Start of Exercise materials

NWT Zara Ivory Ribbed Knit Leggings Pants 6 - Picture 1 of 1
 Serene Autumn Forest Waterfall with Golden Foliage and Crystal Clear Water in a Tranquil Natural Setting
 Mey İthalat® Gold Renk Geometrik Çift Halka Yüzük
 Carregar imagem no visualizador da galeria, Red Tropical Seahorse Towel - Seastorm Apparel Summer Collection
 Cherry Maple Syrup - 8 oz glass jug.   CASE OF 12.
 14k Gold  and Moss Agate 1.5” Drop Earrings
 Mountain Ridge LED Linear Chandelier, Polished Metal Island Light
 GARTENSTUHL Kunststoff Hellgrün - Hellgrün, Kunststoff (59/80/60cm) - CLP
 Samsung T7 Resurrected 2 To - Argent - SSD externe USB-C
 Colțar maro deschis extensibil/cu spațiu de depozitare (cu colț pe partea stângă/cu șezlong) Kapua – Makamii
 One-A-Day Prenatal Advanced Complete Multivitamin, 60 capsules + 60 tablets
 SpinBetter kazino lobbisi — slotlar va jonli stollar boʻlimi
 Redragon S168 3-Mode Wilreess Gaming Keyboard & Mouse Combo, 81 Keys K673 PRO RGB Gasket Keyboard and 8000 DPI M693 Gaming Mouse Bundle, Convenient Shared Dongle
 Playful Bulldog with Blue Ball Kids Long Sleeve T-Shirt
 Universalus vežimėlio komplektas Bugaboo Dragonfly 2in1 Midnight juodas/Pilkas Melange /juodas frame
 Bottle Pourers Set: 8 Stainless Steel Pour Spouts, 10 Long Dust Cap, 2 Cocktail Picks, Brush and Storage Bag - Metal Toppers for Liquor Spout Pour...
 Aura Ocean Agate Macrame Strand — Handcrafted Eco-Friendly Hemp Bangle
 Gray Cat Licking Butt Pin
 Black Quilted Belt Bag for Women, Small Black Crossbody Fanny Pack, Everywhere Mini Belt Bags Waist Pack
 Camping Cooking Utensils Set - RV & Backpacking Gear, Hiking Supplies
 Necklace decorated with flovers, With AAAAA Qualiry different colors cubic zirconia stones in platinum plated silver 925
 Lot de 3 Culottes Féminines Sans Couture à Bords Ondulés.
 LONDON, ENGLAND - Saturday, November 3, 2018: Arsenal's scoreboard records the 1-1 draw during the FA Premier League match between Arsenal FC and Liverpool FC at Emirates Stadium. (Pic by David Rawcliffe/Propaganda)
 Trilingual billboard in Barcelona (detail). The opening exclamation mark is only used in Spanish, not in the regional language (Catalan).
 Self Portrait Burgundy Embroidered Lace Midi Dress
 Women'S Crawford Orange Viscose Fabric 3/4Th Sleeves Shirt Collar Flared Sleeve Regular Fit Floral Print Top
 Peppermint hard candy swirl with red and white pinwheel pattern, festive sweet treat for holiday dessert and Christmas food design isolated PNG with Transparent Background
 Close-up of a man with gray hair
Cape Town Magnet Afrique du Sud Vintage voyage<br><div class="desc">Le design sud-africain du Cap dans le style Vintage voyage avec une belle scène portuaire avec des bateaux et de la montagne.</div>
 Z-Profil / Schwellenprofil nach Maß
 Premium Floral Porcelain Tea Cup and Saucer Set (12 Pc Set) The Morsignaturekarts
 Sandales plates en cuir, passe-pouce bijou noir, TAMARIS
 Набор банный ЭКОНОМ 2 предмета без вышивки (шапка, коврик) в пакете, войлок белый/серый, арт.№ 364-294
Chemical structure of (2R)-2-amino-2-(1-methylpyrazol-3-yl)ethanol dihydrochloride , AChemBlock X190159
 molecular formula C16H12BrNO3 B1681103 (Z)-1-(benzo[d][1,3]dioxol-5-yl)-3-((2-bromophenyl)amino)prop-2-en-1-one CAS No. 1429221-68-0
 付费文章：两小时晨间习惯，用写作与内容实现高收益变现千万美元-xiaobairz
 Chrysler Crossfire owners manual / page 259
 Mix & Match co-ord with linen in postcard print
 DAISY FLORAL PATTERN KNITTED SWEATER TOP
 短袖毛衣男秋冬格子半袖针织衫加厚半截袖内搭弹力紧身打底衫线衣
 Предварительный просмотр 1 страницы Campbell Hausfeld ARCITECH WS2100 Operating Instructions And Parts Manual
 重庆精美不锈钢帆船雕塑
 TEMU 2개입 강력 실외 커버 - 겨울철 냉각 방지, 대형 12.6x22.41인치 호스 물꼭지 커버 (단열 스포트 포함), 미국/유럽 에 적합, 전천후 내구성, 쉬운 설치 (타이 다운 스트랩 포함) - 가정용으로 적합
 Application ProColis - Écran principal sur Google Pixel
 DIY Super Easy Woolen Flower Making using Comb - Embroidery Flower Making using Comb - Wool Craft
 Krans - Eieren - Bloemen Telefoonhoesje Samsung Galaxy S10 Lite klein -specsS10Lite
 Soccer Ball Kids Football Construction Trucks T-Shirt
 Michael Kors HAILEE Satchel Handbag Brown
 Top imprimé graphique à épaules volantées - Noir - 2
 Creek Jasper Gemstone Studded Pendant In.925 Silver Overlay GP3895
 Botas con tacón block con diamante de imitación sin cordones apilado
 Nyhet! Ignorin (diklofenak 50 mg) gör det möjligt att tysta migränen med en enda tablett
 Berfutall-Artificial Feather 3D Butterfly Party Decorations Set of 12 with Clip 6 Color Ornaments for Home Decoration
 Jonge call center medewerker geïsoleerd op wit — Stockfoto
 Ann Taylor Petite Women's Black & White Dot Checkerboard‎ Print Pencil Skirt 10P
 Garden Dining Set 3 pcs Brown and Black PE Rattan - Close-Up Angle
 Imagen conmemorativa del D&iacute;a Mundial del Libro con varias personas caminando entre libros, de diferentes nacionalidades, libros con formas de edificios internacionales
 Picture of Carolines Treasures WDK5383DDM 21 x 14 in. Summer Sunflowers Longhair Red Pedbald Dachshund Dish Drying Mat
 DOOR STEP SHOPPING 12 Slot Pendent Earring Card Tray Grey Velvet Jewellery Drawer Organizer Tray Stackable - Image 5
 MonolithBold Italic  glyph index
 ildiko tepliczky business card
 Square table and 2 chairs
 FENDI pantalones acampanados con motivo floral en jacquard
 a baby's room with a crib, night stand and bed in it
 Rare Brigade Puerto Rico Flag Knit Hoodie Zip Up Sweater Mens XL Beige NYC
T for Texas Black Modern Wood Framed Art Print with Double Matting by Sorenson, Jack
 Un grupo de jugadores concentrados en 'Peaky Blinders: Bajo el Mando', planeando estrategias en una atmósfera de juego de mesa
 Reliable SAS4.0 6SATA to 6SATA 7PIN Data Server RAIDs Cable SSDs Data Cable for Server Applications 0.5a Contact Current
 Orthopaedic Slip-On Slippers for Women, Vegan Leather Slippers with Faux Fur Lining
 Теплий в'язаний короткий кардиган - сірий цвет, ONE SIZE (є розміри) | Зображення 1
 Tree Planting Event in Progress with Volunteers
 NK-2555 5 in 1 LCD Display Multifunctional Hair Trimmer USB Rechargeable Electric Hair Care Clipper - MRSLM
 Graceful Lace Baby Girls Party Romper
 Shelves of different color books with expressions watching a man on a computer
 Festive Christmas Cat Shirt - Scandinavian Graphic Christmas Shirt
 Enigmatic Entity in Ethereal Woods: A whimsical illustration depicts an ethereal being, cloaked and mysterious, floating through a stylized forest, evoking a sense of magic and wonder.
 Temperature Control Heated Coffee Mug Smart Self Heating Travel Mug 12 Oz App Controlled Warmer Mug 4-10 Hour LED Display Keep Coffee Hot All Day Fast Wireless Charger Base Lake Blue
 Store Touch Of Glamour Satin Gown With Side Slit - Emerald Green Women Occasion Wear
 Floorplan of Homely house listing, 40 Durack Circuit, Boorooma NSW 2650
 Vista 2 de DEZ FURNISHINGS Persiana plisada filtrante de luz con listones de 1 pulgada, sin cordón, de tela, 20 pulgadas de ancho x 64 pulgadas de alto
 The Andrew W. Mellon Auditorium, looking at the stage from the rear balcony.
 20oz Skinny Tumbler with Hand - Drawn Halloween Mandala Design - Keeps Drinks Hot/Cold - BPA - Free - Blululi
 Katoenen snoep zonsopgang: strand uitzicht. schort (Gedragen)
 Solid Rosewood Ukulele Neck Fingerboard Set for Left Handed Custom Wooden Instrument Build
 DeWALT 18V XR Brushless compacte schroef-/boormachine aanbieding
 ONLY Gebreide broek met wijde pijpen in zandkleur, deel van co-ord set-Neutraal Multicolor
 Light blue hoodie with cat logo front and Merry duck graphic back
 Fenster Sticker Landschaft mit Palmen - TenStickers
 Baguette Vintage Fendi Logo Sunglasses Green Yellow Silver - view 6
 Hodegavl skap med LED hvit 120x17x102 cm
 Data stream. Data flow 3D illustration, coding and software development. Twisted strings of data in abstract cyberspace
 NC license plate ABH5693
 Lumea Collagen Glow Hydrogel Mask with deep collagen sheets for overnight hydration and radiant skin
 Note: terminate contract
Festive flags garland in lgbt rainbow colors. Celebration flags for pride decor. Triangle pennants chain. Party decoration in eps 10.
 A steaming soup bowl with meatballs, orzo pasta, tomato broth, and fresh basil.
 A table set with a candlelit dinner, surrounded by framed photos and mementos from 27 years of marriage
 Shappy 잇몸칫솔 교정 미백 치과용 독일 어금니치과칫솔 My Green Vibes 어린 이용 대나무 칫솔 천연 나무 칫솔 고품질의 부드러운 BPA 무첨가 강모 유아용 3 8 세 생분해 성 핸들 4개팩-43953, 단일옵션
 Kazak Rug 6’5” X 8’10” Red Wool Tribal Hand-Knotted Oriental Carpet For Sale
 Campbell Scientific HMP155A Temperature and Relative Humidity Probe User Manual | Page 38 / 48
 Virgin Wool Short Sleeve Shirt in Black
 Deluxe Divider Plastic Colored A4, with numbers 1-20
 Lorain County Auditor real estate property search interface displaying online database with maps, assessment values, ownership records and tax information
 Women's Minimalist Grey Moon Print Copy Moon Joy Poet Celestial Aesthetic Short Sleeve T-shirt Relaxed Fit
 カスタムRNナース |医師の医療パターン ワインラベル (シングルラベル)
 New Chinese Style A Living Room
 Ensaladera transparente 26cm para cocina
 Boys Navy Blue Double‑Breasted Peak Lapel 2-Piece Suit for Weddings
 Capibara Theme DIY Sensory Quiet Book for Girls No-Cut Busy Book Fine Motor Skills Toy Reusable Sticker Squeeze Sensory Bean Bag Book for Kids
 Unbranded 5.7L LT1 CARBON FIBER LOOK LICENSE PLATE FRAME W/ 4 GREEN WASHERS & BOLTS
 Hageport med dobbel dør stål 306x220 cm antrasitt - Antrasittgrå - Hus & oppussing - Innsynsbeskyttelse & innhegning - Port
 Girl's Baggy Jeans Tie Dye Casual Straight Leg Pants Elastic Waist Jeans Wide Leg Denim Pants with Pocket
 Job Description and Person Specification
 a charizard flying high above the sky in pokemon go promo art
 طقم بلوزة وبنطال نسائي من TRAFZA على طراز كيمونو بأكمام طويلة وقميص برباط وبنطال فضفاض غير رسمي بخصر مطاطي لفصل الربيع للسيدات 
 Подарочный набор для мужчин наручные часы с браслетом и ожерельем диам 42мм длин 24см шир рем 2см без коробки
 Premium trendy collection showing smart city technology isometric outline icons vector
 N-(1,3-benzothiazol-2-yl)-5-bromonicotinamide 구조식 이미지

End of Exercise materials

Assigned task:
Copy out each line of the material above, word for word, from the first down to the line containing "Gray Cat Licking Butt Pin". Add nothing.

Response:
NWT Zara Ivory Ribbed Knit Leggings Pants 6 - Picture 1 of 1
 Serene Autumn Forest Waterfall with Golden Foliage and Crystal Clear Water in a Tranquil Natural Setting
 Mey İthalat® Gold Renk Geometrik Çift Halka Yüzük
 Carregar imagem no visualizador da galeria, Red Tropical Seahorse Towel - Seastorm Apparel Summer Collection
 Cherry Maple Syrup - 8 oz glass jug.   CASE OF 12.
 14k Gold  and Moss Agate 1.5” Drop Earrings
 Mountain Ridge LED Linear Chandelier, Polished Metal Island Light
 GARTENSTUHL Kunststoff Hellgrün - Hellgrün, Kunststoff (59/80/60cm) - CLP
 Samsung T7 Resurrected 2 To - Argent - SSD externe USB-C
 Colțar maro deschis extensibil/cu spațiu de depozitare (cu colț pe partea stângă/cu șezlong) Kapua – Makamii
 One-A-Day Prenatal Advanced Complete Multivitamin, 60 capsules + 60 tablets
 SpinBetter kazino lobbisi — slotlar va jonli stollar boʻlimi
 Redragon S168 3-Mode Wilreess Gaming Keyboard & Mouse Combo, 81 Keys K673 PRO RGB Gasket Keyboard and 8000 DPI M693 Gaming Mouse Bundle, Convenient Shared Dongle
 Playful Bulldog with Blue Ball Kids Long Sleeve T-Shirt
 Universalus vežimėlio komplektas Bugaboo Dragonfly 2in1 Midnight juodas/Pilkas Melange /juodas frame
 Bottle Pourers Set: 8 Stainless Steel Pour Spouts, 10 Long Dust Cap, 2 Cocktail Picks, Brush and Storage Bag - Metal Toppers for Liquor Spout Pour...
 Aura Ocean Agate Macrame Strand — Handcrafted Eco-Friendly Hemp Bangle
 Gray Cat Licking Butt Pin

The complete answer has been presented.